**What needs to be done:** Would you output the entries below only from the line containing "We are here" through the line containing "Allow it to stay in", exactly as they stand and with both ends included?

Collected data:
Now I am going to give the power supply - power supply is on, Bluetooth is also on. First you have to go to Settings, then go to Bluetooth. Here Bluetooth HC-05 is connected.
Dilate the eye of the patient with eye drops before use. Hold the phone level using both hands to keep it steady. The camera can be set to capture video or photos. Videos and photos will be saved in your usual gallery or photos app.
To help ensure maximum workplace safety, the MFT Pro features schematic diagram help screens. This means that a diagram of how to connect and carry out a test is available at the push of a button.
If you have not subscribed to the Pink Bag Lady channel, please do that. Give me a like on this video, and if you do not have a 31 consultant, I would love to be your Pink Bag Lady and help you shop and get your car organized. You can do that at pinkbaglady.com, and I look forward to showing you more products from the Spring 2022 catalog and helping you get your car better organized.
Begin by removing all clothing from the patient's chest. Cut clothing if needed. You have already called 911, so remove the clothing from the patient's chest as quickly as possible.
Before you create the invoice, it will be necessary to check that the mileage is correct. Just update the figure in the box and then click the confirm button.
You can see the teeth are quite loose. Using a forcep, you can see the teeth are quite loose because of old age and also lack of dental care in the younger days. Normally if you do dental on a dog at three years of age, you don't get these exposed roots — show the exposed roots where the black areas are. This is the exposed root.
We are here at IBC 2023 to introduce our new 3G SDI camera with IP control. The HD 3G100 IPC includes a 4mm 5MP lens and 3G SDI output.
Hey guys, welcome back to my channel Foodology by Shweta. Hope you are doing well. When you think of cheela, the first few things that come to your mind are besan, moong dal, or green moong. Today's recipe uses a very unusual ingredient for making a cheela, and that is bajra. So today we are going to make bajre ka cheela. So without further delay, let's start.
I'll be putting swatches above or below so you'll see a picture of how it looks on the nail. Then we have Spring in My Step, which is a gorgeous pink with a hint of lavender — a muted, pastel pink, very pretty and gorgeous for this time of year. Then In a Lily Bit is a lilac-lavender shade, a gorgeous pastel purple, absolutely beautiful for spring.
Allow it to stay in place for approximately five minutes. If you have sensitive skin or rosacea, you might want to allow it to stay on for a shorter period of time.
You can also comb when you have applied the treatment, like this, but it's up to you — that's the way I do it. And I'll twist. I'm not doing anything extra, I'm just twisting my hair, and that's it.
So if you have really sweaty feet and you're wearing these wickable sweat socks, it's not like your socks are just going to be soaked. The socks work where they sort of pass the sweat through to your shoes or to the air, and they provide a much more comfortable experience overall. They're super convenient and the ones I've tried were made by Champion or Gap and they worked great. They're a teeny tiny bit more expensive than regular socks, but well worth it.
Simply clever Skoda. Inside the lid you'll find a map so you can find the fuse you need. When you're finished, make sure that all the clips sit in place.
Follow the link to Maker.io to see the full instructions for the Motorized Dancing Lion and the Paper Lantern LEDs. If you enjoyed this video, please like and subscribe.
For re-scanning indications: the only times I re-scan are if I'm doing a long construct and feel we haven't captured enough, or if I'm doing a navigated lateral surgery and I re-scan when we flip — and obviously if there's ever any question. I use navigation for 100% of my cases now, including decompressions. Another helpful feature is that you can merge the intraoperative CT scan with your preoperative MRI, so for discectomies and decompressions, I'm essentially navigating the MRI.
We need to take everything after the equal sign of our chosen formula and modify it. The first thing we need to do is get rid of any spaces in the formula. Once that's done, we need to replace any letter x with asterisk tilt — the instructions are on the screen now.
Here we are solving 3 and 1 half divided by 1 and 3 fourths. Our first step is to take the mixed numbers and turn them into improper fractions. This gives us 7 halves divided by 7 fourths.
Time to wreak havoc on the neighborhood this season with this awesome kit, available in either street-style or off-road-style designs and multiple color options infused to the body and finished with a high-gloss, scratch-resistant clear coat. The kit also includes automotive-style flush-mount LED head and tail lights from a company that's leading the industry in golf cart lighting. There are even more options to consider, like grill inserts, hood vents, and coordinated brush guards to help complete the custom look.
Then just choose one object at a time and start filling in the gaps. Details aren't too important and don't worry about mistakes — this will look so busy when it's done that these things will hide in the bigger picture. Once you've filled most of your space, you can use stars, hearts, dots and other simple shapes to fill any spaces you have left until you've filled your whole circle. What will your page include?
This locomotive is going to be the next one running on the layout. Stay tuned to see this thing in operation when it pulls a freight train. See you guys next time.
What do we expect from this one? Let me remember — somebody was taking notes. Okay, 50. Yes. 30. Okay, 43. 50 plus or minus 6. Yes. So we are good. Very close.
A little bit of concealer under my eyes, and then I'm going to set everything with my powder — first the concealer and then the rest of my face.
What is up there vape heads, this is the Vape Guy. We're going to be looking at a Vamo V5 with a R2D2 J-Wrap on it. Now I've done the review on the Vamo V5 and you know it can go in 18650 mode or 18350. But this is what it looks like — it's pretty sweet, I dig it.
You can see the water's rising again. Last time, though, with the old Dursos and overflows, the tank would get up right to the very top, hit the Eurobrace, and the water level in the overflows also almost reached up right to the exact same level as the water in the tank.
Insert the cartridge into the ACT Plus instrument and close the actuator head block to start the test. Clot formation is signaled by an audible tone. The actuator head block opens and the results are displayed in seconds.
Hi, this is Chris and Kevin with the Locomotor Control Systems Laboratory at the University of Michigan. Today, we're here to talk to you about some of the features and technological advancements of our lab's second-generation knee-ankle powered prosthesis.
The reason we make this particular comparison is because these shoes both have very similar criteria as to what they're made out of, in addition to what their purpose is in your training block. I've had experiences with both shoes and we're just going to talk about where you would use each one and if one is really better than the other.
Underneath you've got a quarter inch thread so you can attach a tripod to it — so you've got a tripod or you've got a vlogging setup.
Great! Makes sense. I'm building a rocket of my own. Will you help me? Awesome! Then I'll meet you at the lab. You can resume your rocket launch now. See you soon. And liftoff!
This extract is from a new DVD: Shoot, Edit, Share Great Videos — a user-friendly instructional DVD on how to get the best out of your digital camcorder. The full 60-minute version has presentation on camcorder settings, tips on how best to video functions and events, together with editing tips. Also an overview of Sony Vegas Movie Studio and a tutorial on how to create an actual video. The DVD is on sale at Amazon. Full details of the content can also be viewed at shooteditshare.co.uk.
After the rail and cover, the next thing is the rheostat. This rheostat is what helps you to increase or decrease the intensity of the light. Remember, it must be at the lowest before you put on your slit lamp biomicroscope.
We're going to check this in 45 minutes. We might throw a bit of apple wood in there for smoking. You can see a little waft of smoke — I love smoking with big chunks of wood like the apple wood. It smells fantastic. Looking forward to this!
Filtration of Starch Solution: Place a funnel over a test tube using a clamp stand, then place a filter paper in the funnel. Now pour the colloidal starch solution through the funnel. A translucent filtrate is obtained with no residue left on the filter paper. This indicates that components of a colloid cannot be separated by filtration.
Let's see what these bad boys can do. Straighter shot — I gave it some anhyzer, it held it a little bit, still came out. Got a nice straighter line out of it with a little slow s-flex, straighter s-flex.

**Output:**
We are here at IBC 2023 to introduce our new 3G SDI camera with IP control. The HD 3G100 IPC includes a 4mm 5MP lens and 3G SDI output.
Hey guys, welcome back to my channel Foodology by Shweta. Hope you are doing well. When you think of cheela, the first few things that come to your mind are besan, moong dal, or green moong. Today's recipe uses a very unusual ingredient for making a cheela, and that is bajra. So today we are going to make bajre ka cheela. So without further delay, let's start.
I'll be putting swatches above or below so you'll see a picture of how it looks on the nail. Then we have Spring in My Step, which is a gorgeous pink with a hint of lavender — a muted, pastel pink, very pretty and gorgeous for this time of year. Then In a Lily Bit is a lilac-lavender shade, a gorgeous pastel purple, absolutely beautiful for spring.
Allow it to stay in place for approximately five minutes. If you have sensitive skin or rosacea, you might want to allow it to stay on for a shorter period of time.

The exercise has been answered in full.